0

I'm trying to process UTF-16 string (placed in a buffer buf) with the help of std::basic_string and istringstream. An exception std::bad_cast occurs in this code. Is there a problem with my code? Or gcc's STL just cannot handle unsigned int (16 bit) symbols?

const unsigned short * buf;
// ... fiilling buf
std::basic_string<unsigned short> w(buf);
std::basic_istringstream<unsigned short> iss(w);

unsigned int result;
try { iss >> result; }
catch (std::exception& e)
{
   const char * c = e.what();
}

The same code with std::wstring and std::wistringstream works correctly.

Violet Giraffe
  • 32,368
  • 48
  • 194
  • 335

1 Answers1

1

Instantiation of IOStreams on different character types than char and wchar_t is rather non-trivial.
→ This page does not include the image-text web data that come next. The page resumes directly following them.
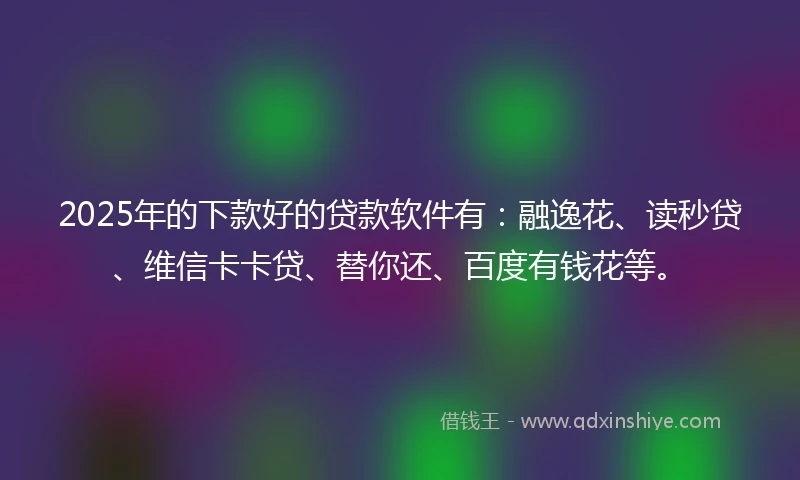 2025年的下款好的贷款软件有：融逸花、读秒贷、维信卡卡贷、替你还、百度有钱花等。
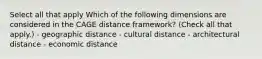 Select all that apply Which of the following dimensions are considered in the CAGE distance framework? (Check all that apply.) - geographic distance - cultural distance - architectural distance - economic distance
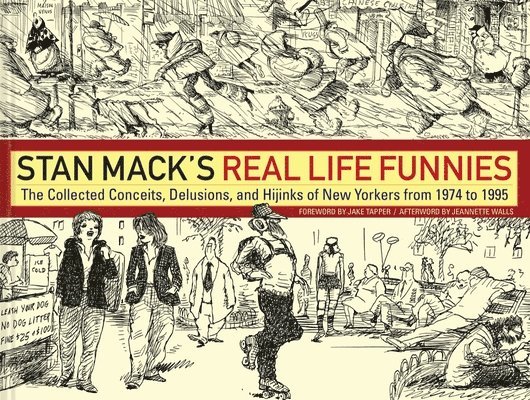 Stan Mack's Real Life Funnies: The Collected Conceits, Delusions, and Hijinks of New Yorkers from 1974 to 1995 1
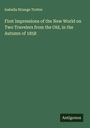 Isabella Strange Trotter: First Impressions of the New World on Two Travelers from the Old, in the Autumn of 1858, Buch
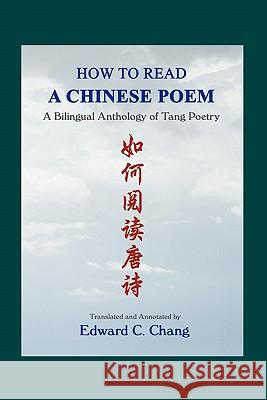 How to Read A Chinese Poem: A Bilingual Anthology of Tang Poetry Chang, Edward C. 9781419670138 Booksurge Publishing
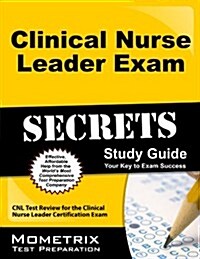 Clinical Nurse Leader Exam Secrets Study Guide: CNL Test Review for the Clinical Nurse Leader Certification Exam (Paperback)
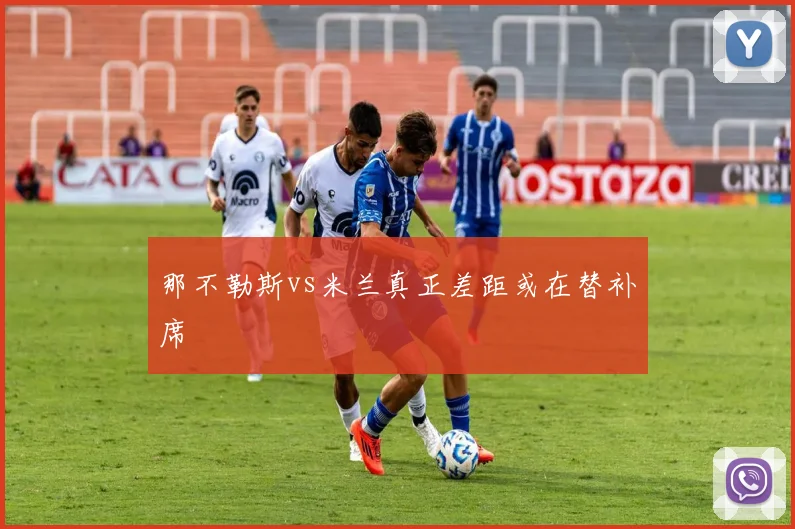 那不勒斯vs米兰真正差距或在替补席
The streams need a number of std::locale facets to be present. Without them they won't function properly. For the attempted operation you'd need, at least:

  • std::ctype<cT>
  • std::numpunct<cT>
  • std::num_get<cT>

where cT is the stream's character type. The last one of these should just require instantiation but the others need to be implemented. Of course, you also need to make sure a std::locale is installed for the stream by either setting it up as the global locale or using stream.imbue().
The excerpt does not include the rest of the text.